Kuomintang 國民黨 (KMT): Hou Yu-ih
The big news of the week is that Hou Yu-ih 侯友宜, currently the mayor of New Taipei City, was selected as the KMT’s nominee for president. A former cop and Director-General of Taiwan’s National Police Agency, Hou is described by many as a moderate — for instance, he has rejected calls for Taiwan independence as well as the PRC’s “One Country, Two Systems” unification proposal.

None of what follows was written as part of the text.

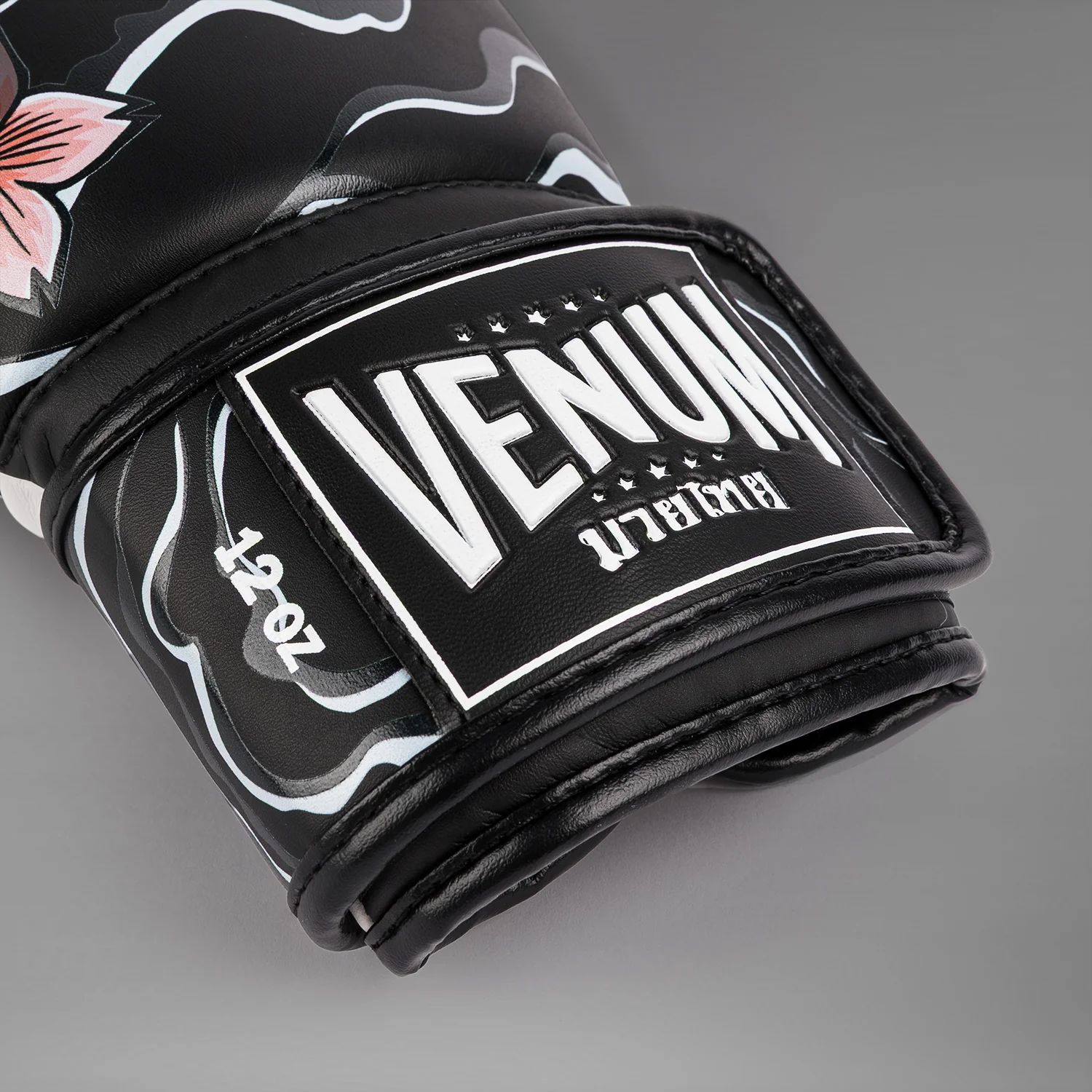 Venum X Tawanchay Boxing gloves Black/White - Image 3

The KMT’s primaries were run differently this time around: as reported in Liberty Times 自由時報, the KMT leadership, chaired by Eric Chu 朱立倫, replaced open-primary elections with a direct nomination process. Hou’s selection by Chu was somewhat anticipated: indeed, when Chu was mayor of New Taipei City from 2016 to 2018, he appointed Hou as his Deputy Mayor.
In passing over primary voters, Chu blocked the possible nomination of billionaire and Foxconn founder Terry Gou 郭台銘, who has been compared by various media as Taiwan’s Donald Trump and who many saw as an uncompetitive candidate due to his business and political ties to the mainland. (There’s an idea for US Republican primaries!)

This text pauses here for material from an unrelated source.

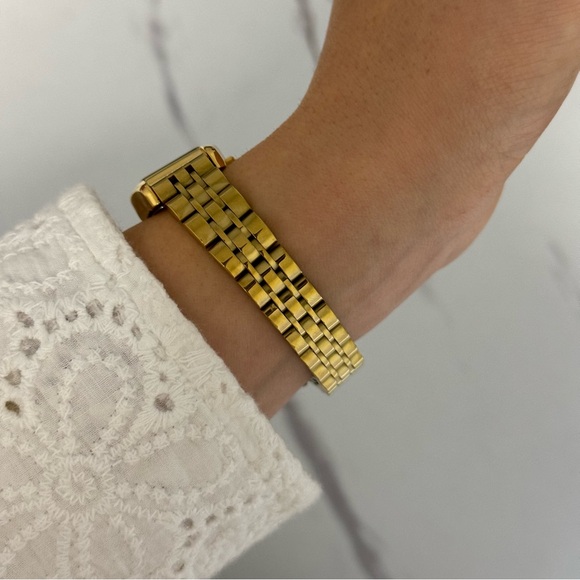 Retro Y2K Gold Vintage Bracelet Watch with Roman Numerals Stainless steel - Picture 3 of 6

To his credit, Gou has since congratulated Hou for his nomination. (Also to his credit: after BioNTech lawyers struggled for months to produce a contract to sell vaccines to the Taiwan government without offending the PRC’s “one-China principle,” Gou purchased 15 million vaccines personally and then donated them to the Taiwanese populace.)

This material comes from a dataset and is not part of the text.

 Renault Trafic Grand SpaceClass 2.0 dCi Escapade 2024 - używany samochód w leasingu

Taiwan People’s Party 台灣民眾黨 (TPP): Ko Wen-je
Per Article 22 of the Presidential and Vice Presidential Election and Recall Act, parties that pass the five-percent vote threshold can put a candidate on the general ballot — meaning the TPP and the New Power Party 時代力量 (NPP) are eligible as well.
On May 17, Ko Wen-je 柯文哲 — the TPP’s founder and former mayor of Taipei — was nominated as the party’s candidate. Like Lai, Ko was the only one seeking the TPP nomination.
The TPP is a very new political party, established in 2019, and brands itself as being neither “pan-Blue” (ie. KMT-aligned) nor “pan-Green” (ie. DPP-aligned). As Joe Bauer writes for the Global Taiwan Institute:
While it is certainly possible that Ko can fine-tune his approach to attract moderates from both the Blue and Green camps in the years to come, it remains just as likely that he could instead play the role of a third-party spoiler, siphoning away a small but significant portion of the vote from either of the leading party’s candidates.
Such third-party spoiling is much more likely to occur in Taiwan than in the US because a candidate need not a hard majority to win the presidency. For example, in the 2000 presidential elections, a rift between KMT nominee Lien Chan 連戰 and James Soong 宋楚瑜 — who was expelled from the KMT for announcing his candidacy as an independent after losing the KMT’s nomination — allowed Chen Shui-bian 陳水扁 of the DPP to win the election with just over thirty-nine percent of the vote. Lien and Song together garnered nearly sixty percent of the popular vote, meaning the KMT likely could have won had it been unified (hence the significance of Gou’s congratulating Hou).